Work to be completed:
Line by line, repeat the material below exactly and skip the images.

Supplied material START

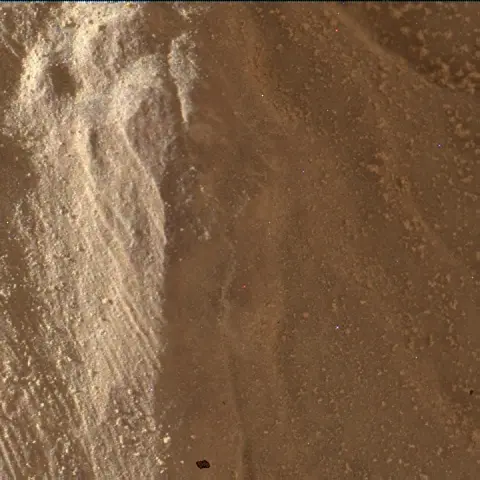 Sol 4672: Mars Hand Lens Imager (MAHLI)
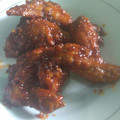 Cooksnap dari Siti Aisyah untuk resep Fire chicken wings ala richeese 🍗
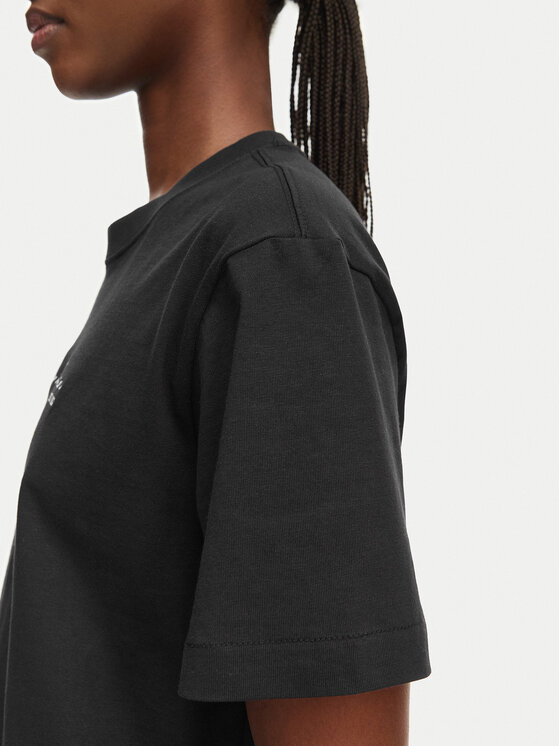 Calvin Klein Jeans Calvin Klein Jeans Tricou LV047F820G Negru Regular Fit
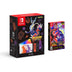 Nintendo Switch - OLED Model - Pokemon Scarlet & Violet Edition W/ Double Pack Game (Region Free)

Supplied material END

Expected output:
 Sol 4672: Mars Hand Lens Imager (MAHLI)
 Cooksnap dari Siti Aisyah untuk resep Fire chicken wings ala richeese 🍗
 Calvin Klein Jeans Calvin Klein Jeans Tricou LV047F820G Negru Regular Fit
 Nintendo Switch - OLED Model - Pokemon Scarlet & Violet Edition W/ Double Pack Game (Region Free)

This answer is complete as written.